HEARTS will particularly help a person who has a speech difficulty and who has limited motor skills, specifically with hands, fingers and wrists. A person already benefiting from a tool like DynaVox can have increased success in communicating when the computer is used with HEARTS, said Marie Kelly, Rock Hill schools’ speech pathologist.

DynaVox and HEARTS are designed to aid people with a range of disabilities including brain injury, cerebral palsy or multiple sclerosis, Kelly said. The HEARTS user selects buttons on the DynaVox which produces an audible sentence and allows the user to communicate.

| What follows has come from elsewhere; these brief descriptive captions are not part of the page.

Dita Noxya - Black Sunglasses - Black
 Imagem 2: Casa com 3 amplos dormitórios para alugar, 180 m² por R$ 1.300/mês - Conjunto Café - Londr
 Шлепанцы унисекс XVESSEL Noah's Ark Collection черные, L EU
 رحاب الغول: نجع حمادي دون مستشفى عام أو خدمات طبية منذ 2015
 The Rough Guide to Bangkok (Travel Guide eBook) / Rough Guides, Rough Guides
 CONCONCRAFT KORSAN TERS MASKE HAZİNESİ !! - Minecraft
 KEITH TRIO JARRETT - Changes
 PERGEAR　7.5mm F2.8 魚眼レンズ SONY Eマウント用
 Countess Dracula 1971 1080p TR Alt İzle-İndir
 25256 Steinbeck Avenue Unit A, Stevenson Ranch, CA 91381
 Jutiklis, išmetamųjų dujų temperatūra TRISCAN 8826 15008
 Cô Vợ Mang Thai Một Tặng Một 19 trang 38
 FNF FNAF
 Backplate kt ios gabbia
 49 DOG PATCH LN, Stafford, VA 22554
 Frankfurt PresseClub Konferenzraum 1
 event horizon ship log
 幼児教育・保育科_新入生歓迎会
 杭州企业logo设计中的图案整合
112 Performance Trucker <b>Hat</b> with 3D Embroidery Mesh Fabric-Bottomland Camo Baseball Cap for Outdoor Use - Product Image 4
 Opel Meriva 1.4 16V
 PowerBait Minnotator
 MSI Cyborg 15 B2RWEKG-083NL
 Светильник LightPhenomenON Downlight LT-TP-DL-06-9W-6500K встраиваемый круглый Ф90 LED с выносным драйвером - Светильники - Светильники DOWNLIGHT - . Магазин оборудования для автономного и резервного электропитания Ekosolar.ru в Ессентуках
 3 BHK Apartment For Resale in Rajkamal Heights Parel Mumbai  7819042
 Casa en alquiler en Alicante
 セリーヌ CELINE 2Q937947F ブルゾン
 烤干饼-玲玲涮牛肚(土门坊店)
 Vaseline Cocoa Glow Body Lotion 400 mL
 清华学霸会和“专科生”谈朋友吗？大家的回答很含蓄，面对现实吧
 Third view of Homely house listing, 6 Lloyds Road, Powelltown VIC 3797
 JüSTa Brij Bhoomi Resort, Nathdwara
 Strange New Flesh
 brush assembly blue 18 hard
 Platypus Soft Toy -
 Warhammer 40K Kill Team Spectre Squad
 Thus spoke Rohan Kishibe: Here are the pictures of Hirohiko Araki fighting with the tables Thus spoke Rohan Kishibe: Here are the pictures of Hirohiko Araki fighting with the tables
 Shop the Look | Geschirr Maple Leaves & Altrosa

One challenge with touch-screen technology on DynaVox or an iPad, Kelly said, is that a person with limited control over their hands has trouble making specific selections on a computer. The grid-like screen developed by York Tech students provides a guide that makes it easier for the user to choose a communication button.

The HEARTS tool gives independence to a person who may usually have to rely on someone else to control their hand while using a computer or speech assistance device, she said.

York Tech students and HEARTS engineers Melissa Bailey, 33, and Tripp Gwin, 29, say they were proud to produce a device that will help a local child with special needs.

“It’s rewarding to do something like this,” Gwin said, instead of engineering a tool that might help a mechanic pick up a transmission.

York Tech students were with the Rock Hill elementary school student when she used HEARTS for the first time. Seeing their invention in use, Bailey said, made the experience much more meaningful than just completing a class project for a grade.

“It almost brought tears to my eyes,” she said.

The team included cutout hearts in the construction of the DynaVox case. They chose the design after learning that the young girl who will use the device loves heart shapes.

York Tech’s project saved the school district and the child’s family thousands of dollars, officials said on Tuesday. Support for HEARTS came from in-kind contributions from Jim Myers & Sons, Line-X and Pro-Motion Engineering.